When i came out last year i expected life to move on at a good pace. I saw the doctors, got referred to the GI clinic at Charing Cross, i, with great sorrow, split from my long term partner and moved back with my parents to save money for my new life. My expectations were high, i was, in the last month of the lease to my old flat, living part time. I came out to work and i was surprised at the level of support i received, which was very positive and filled my heart with joy and determination. I knew i had to start living full time and i was really focused but since that time (Dec 2011) until now, some six months later i have hit a brick wall. Work are still waiting for me to start and i have had a change in management which mean teling a new boss my situation, someone i hardly know or see.

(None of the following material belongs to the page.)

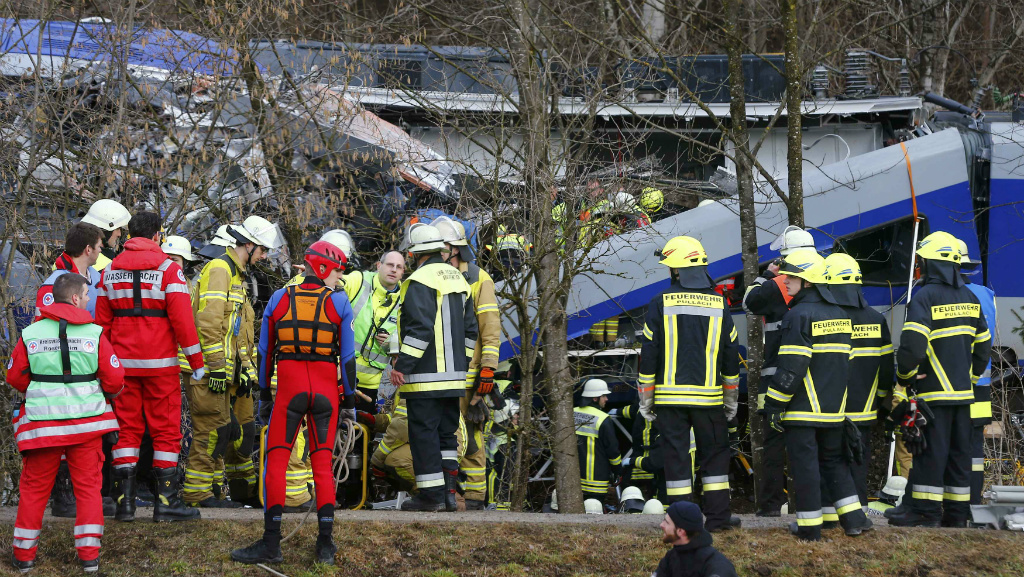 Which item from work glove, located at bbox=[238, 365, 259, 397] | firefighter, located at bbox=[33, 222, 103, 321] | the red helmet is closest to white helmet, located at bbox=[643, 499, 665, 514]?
work glove, located at bbox=[238, 365, 259, 397]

The first month after was a dark period in my life as i struggled to get over the loss of my girlfriend, my soul mate who i miss more than i can ever truly express and i felt in a daze as i was left with the aftermath of my decision. Since that day until now i feel as though i haven't moved forward at all. i expected news from the NHS to take a few months and i was surprised and shocked to discover my doctors referral took five months to get to the Gender Identity clinic. Now, my expectations, after talking with some of the MTF members of this site, were put into perspective, it would be slow, very slow and no overnight miracle. I am a realist at heart and i realised i had to make the choice to live full time. no doctors could do that for me, in fact if i proved i had made the transition and adjusted well this would aid me a great deal but my own expectations proved to be too grand. I expected to be much farther along than i am now. I am like a dog chasing its own tail and it is making me dizzy and lose heart.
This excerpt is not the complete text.